Have you ever thought about a cactus, with its spines and tough skin, and how much it hurts if you fall on one? What about a moth and the possibility of it hurting, or killing a cactus? Researchers at Arkansas State University in Jonesboro, AR are investigating the destructive effects of an invasive species of South American moth that has infested Southeastern United States coastal regions, and possible methods of mitigating the effects.
This particular moth is a cactus boring moth that lays its eggs on the cactus, and once the eggs hatch, the larvae (caterpillars) burrow into the cactus. The caterpillars, anywhere between 20 to 150 of them, then live inside the pad and eat everything inside, sometimes destroying the entire plant. A major concern is what happens when this invasive species spreads to the southwest US and Mexico.
Anastasia Woodard, a PhD student at ASU, and other students in Dr. Travis Marisco’s laboratory are studying the native species of North American moth called the Blue Cactus Moth, which does not normally kill cactus. Pricklypear cacti are not only an important agricultural crop, but also a very important part of many ecosystems. The Pricklypear cacti have developed a defense system against the Blue Cactus Moth that includes producing thick mucilage that forces the larvae outside the cactus pads and drowns them, and induced apoptosis, or programmed cell death, which destroys the infected cactus pad, therefore preventing the infestation from spreading to the rest of the plant.
However, the Pricklypear cacti don’t normally defend against the invasive South American moth. This is where Woodard and team come in – they have found that plants that are defending against the native, species are able to signal neighboring plants and induce defense mechanisms against the invasive cactus moth (Woodard et al 2012). Then things start to happen. The invasive caterpillars take much longer to develop, making it more likely that they will meet their end due to predators or parasites before they can reproduce (Woodard et al 2012). The team, in collaboration with other groups at ASU, and at Pennsylvania State University, is researching the identification of the chemicals used to trigger the plants defense system, and developing a natural, plant based pesticide to elevate the plant’s natural defenses. The research is currently in field trials.

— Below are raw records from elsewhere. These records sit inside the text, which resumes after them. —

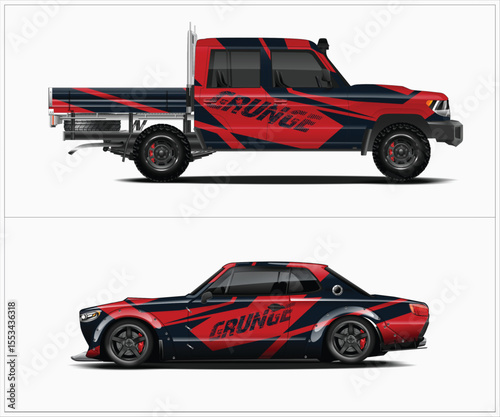 Grunge Car and Truck Wrap Designs Red black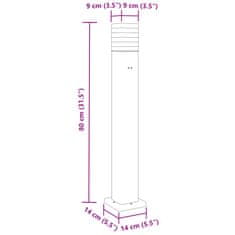 Vidaxl Zunanja talna svetilka z vtičnico 3 kosi črna 80 cm aluminij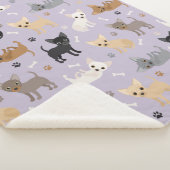 Chihuahua Knochen und Paare Lila Sherpadecke (3/4)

When asked about the implications of the results of this research, Woodard responded “Plant to plant signaling has been shown to result in faster, more vigorous plant defense responses, and synthetic plant volatiles as well as genetically modified plants over producing plant volatiles have recently been under investigation as environmentally friendly pest management tools. We were the first to find evidence that volatile plant signals can be used to induce defense against an insect herbivore that a plant would not normally defend against. In addition we’re the first to try to use induced hairy roots, a plant based bioproduction system often used by pharmaceutical companies, to produce defense volatiles.”
Why did Woodard, a researcher with a background in disease ecology and zoology, become involved in this type of research? “This field has so many opportunities for projects that can change how we do agriculture and manage insects. I hope that during my career I will be able to help develop more sustainable, environmentally friendly agricultural practices.”
This project is currently funded by The Garden Club of America, Arkansas Plant Powered Production (P3), the Molecular Biosciences Graduate Program at Arkansas State University, the Arkansas State University Foundation STAR Herbarium Research Fund, and the Arkansas Department of Higher Education.
More information about the Travis Marisco’s lab can be found at http://myweb.astate.edu/tmarsico/page%202.html
Woodard A, G Ervin, T Marsico (2012) Host plant defense signaling in response to a coevolved herbivore combats introduced herbivore attack. Ecology and Evolution 2: 1056-1064.